Mais si la Russie, née de l’Eurasie, a fini par embrasser l’Eurasie toute entière et par s’y confondre, elle n’y est parvenue qu’en étant d’abord elle-même. Autre saga, à l’intérieur de la première ; affirmation, au milieu de l’infini et pour mieux s’y maintenir, d’un axe et d’un centre.

Moscou

Aujourd’hui encore, Moscou étonne, subjugue, séduit. Le voyageur qui vient pour la première fois dans la capitale russe a lu tous les livres où l’on déplore la démolition, sous Staline, des églises et des vieux quartiers, la mise à mort – à coups de bombe – du monastère du Miracle et du Temple du Christ-Sauveur,  l’arasement de la tour Soukharev, la destruction des anciens boulevards ombragés de tilleuls centenaires. Mais ce qu’il voit le désarme. Le Moscou du tsar rouge ressemble, sans doute, au Berlin néo-romain de Hitler et de Speer, ou au Washington, étrangement  « impérial », lui aussi, bardé lui aussi d’aigles de bronze et de colonnes à feuille d’acanthe, des années vingt, trente ou quarante.
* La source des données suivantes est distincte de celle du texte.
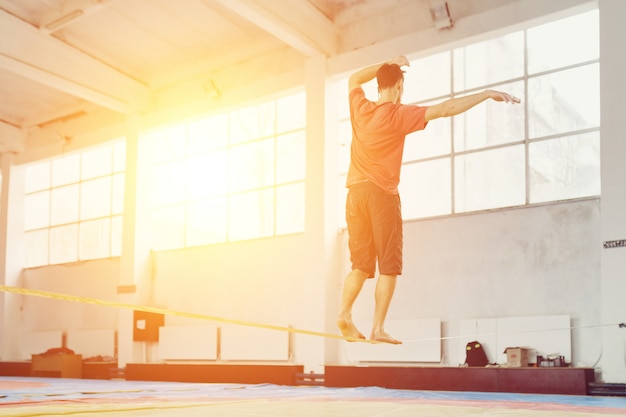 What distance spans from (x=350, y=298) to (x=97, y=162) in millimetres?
10449

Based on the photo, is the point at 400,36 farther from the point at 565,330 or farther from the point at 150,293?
the point at 150,293

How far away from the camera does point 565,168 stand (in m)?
8.84

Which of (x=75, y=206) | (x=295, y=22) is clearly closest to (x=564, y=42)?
(x=295, y=22)

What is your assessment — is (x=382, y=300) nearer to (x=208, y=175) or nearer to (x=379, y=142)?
(x=379, y=142)

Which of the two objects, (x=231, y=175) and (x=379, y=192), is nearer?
(x=379, y=192)

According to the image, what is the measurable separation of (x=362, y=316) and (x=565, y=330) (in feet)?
9.54

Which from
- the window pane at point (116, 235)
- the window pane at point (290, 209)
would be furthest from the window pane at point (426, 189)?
the window pane at point (116, 235)

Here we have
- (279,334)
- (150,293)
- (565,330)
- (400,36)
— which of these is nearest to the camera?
(565,330)

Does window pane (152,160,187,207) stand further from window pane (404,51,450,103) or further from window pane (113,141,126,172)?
window pane (404,51,450,103)


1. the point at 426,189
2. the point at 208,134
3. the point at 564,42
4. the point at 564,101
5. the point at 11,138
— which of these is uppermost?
the point at 11,138

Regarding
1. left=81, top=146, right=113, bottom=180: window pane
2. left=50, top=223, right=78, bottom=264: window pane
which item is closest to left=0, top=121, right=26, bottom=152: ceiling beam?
left=81, top=146, right=113, bottom=180: window pane

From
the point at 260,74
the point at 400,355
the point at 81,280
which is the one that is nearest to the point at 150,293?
the point at 81,280

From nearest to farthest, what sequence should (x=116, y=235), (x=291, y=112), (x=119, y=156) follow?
(x=291, y=112)
(x=116, y=235)
(x=119, y=156)

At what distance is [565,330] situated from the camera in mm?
8406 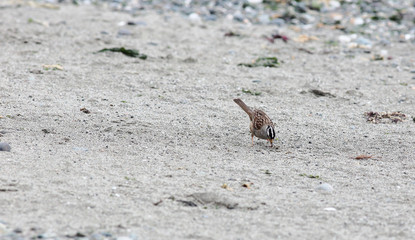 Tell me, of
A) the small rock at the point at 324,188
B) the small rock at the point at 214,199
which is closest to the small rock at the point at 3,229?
the small rock at the point at 214,199

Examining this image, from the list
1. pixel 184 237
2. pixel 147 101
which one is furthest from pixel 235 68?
pixel 184 237

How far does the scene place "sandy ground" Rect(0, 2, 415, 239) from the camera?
16.7 feet

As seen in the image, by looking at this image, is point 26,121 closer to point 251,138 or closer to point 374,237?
point 251,138

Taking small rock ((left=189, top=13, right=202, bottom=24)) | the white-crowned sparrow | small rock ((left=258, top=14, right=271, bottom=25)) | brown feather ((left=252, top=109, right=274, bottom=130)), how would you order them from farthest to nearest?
small rock ((left=258, top=14, right=271, bottom=25))
small rock ((left=189, top=13, right=202, bottom=24))
brown feather ((left=252, top=109, right=274, bottom=130))
the white-crowned sparrow

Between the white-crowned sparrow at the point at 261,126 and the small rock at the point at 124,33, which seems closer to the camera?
the white-crowned sparrow at the point at 261,126

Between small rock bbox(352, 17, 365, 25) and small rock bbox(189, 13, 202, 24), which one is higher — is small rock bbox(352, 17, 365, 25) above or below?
above

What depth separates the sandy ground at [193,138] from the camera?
5.10 m

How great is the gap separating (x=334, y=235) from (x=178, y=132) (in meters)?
3.16

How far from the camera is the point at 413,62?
38.0ft

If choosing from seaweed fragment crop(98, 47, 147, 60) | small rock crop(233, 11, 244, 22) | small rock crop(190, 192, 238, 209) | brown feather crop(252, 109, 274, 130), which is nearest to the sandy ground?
small rock crop(190, 192, 238, 209)

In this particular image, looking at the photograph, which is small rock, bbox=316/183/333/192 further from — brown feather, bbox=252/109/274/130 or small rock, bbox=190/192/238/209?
brown feather, bbox=252/109/274/130


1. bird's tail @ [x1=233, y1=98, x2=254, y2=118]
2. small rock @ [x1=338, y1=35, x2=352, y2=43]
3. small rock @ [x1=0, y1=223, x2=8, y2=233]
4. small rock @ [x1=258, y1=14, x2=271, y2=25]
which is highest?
small rock @ [x1=0, y1=223, x2=8, y2=233]

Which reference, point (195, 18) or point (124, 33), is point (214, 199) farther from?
point (195, 18)

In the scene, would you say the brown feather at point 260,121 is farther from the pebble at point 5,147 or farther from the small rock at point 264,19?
the small rock at point 264,19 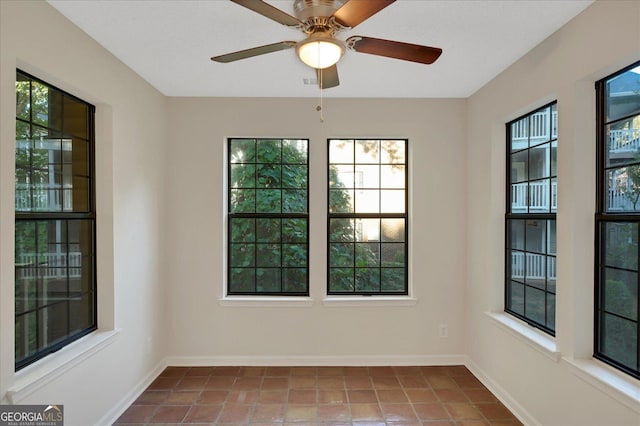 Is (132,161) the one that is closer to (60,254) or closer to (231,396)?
(60,254)

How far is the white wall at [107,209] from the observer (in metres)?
1.74

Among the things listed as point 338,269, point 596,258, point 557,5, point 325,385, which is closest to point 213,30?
point 557,5

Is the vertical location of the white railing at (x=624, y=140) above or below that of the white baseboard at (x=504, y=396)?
above

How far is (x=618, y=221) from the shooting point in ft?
6.32

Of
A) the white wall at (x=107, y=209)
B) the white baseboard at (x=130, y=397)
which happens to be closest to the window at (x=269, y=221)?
the white wall at (x=107, y=209)

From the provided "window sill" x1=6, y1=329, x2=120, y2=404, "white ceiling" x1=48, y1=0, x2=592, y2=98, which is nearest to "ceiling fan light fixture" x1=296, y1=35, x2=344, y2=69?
"white ceiling" x1=48, y1=0, x2=592, y2=98

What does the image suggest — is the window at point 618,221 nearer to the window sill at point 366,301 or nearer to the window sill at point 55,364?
the window sill at point 366,301

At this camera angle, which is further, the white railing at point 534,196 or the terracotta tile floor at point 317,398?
the terracotta tile floor at point 317,398

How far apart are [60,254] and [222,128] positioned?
1.86 metres

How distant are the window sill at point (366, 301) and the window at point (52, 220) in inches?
80.8

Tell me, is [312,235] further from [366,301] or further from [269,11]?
[269,11]

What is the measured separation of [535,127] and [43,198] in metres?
3.43

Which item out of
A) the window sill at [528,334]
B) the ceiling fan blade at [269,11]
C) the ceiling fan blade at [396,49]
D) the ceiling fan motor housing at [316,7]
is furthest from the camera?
the window sill at [528,334]

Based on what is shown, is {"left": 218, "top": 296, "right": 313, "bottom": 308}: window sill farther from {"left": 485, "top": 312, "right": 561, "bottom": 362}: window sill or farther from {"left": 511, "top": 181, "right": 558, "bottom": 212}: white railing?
{"left": 511, "top": 181, "right": 558, "bottom": 212}: white railing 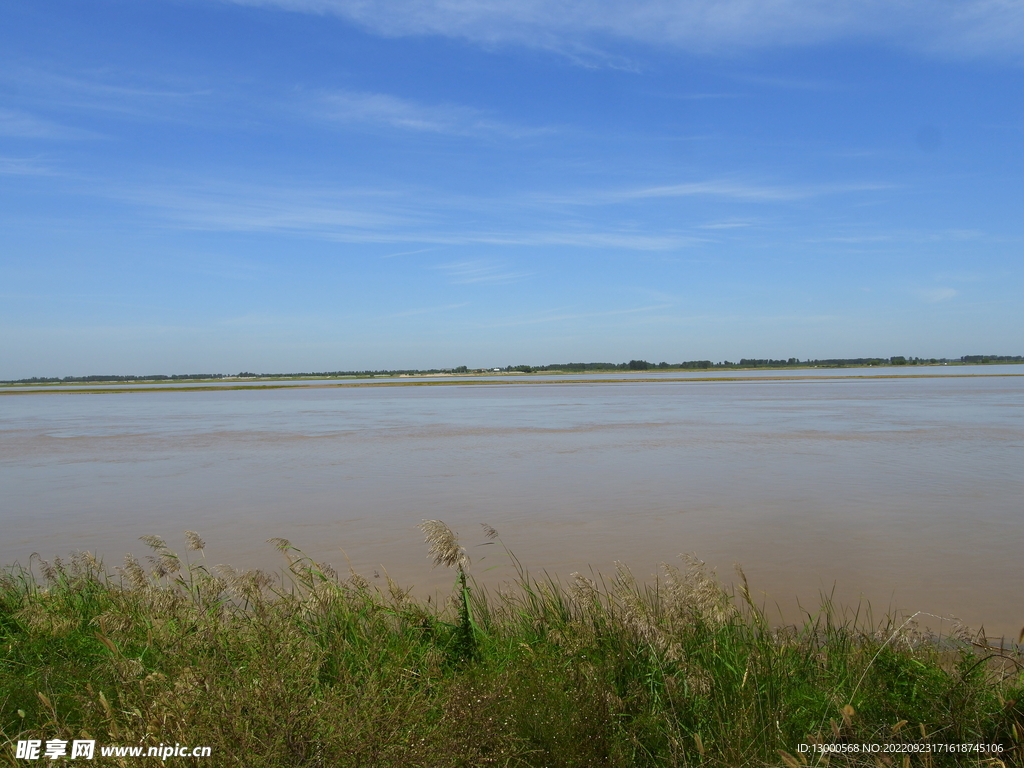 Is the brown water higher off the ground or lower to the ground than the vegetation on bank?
lower

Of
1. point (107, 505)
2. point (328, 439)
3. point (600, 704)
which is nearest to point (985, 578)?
point (600, 704)

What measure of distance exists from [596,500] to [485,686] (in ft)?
30.8

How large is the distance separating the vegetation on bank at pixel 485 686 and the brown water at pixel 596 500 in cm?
298

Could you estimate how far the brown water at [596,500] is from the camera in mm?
8691

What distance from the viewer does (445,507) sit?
12453 mm

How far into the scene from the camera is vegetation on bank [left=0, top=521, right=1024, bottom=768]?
9.66 feet

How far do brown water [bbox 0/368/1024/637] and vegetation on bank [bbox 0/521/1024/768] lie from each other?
2.98 meters

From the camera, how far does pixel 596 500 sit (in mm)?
12789

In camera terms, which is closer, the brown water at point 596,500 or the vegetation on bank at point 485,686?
the vegetation on bank at point 485,686

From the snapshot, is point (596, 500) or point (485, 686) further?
point (596, 500)

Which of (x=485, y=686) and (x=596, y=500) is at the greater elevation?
(x=485, y=686)

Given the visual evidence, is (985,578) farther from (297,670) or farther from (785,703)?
(297,670)

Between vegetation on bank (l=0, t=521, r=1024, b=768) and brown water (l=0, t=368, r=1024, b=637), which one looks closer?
vegetation on bank (l=0, t=521, r=1024, b=768)

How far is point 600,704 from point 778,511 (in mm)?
8973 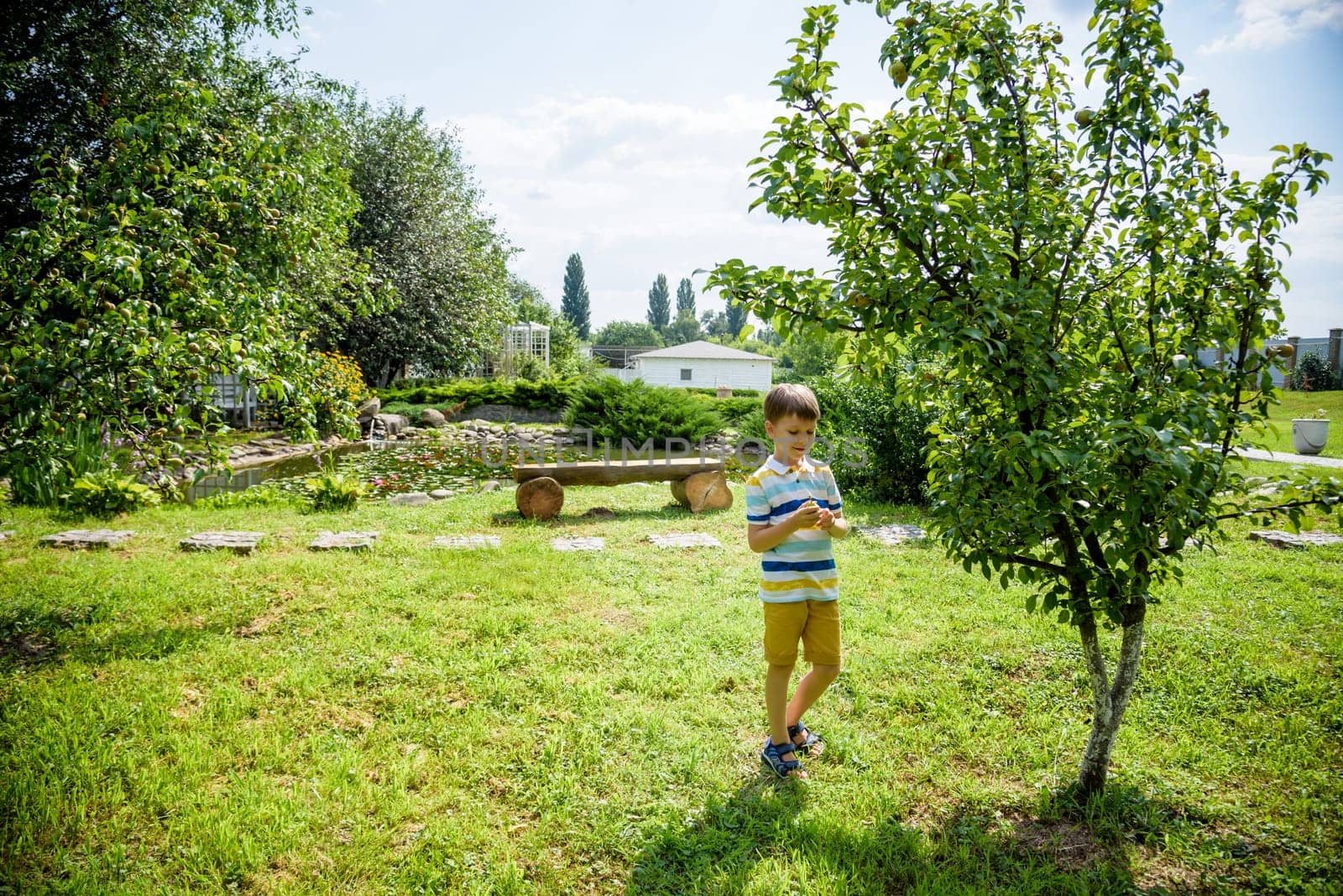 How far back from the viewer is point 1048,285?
2738 millimetres

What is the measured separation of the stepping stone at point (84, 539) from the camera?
5969mm

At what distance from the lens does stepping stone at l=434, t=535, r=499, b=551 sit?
20.9 feet

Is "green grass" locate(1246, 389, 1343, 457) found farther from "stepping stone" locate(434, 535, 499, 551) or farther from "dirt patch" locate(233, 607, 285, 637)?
"dirt patch" locate(233, 607, 285, 637)

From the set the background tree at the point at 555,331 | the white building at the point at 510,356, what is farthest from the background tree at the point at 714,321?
the white building at the point at 510,356

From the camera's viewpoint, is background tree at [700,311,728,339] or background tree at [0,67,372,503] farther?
background tree at [700,311,728,339]

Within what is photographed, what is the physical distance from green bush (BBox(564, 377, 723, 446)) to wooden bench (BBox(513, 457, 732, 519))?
3617mm

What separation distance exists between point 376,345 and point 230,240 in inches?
703

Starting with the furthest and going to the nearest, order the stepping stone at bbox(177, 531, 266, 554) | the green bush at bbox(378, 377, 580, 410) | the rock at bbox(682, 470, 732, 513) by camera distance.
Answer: the green bush at bbox(378, 377, 580, 410) → the rock at bbox(682, 470, 732, 513) → the stepping stone at bbox(177, 531, 266, 554)

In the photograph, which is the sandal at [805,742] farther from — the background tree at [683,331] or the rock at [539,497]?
the background tree at [683,331]

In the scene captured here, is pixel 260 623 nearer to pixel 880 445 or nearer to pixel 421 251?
pixel 880 445

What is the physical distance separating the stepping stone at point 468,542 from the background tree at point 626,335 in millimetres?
73627

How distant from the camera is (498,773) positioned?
2994 mm

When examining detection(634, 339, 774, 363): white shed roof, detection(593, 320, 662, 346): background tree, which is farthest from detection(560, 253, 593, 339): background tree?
detection(634, 339, 774, 363): white shed roof

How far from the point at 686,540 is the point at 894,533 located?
2138 mm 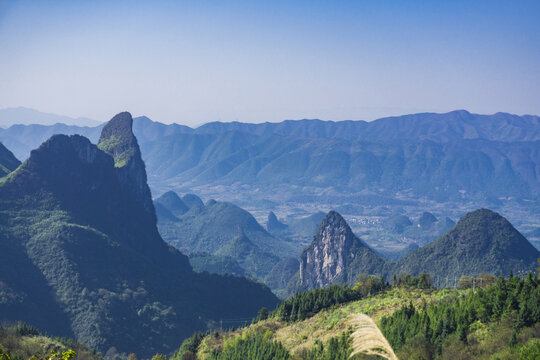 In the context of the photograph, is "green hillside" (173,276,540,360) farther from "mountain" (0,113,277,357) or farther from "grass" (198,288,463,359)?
"mountain" (0,113,277,357)

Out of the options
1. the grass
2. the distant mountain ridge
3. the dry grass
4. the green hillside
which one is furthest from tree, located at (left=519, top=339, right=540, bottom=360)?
the distant mountain ridge

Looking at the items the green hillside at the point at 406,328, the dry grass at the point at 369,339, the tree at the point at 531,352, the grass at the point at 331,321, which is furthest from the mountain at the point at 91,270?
the dry grass at the point at 369,339

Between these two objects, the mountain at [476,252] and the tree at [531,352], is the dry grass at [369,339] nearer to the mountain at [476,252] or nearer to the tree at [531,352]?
the tree at [531,352]

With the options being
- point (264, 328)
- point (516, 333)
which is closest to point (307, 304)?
point (264, 328)

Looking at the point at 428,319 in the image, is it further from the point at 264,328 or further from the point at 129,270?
→ the point at 129,270

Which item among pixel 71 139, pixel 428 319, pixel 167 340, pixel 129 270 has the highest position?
pixel 71 139

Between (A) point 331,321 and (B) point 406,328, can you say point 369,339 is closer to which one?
(B) point 406,328

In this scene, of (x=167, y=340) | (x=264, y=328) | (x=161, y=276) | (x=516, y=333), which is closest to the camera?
(x=516, y=333)

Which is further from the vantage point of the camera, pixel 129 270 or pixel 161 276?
pixel 161 276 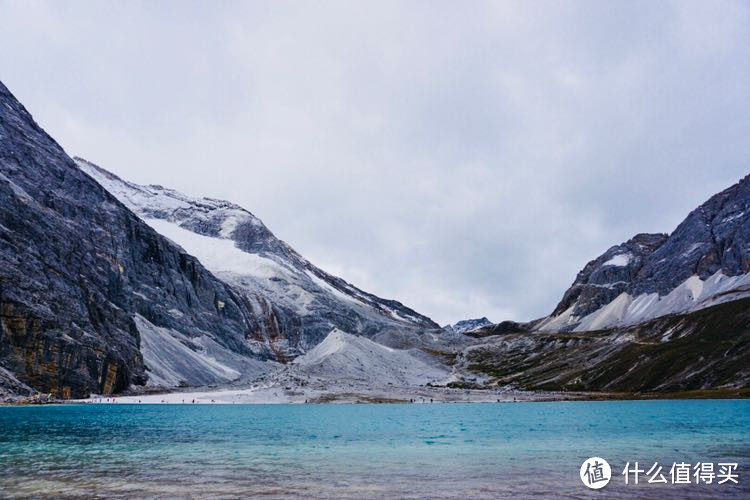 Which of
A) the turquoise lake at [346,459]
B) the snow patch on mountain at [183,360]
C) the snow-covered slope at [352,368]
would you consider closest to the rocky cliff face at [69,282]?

Mais c’est moins carré, plus rond, moins classique, plus baroque : la Moskova s’y faufile comme un serpent châtoyant au milieu de façades taillées dans des pierres roses ou rouges, les gratte-ciel italianisants y éclatent comme des coups de théâtre, les avenues ne s’y croisent pas en damier, mais rayonnent, et tout enfin vient buter sur cette contradiction énorme, inexplicable, le maintien, au milieu même de la cité utopique, de Saint-Basile, orgues et sucres d’orge, et surtout du Kremlin, palais d’Ali-Baba et de Baba-Yaga réunis, couleur de sang caillé et de métal rouillé. 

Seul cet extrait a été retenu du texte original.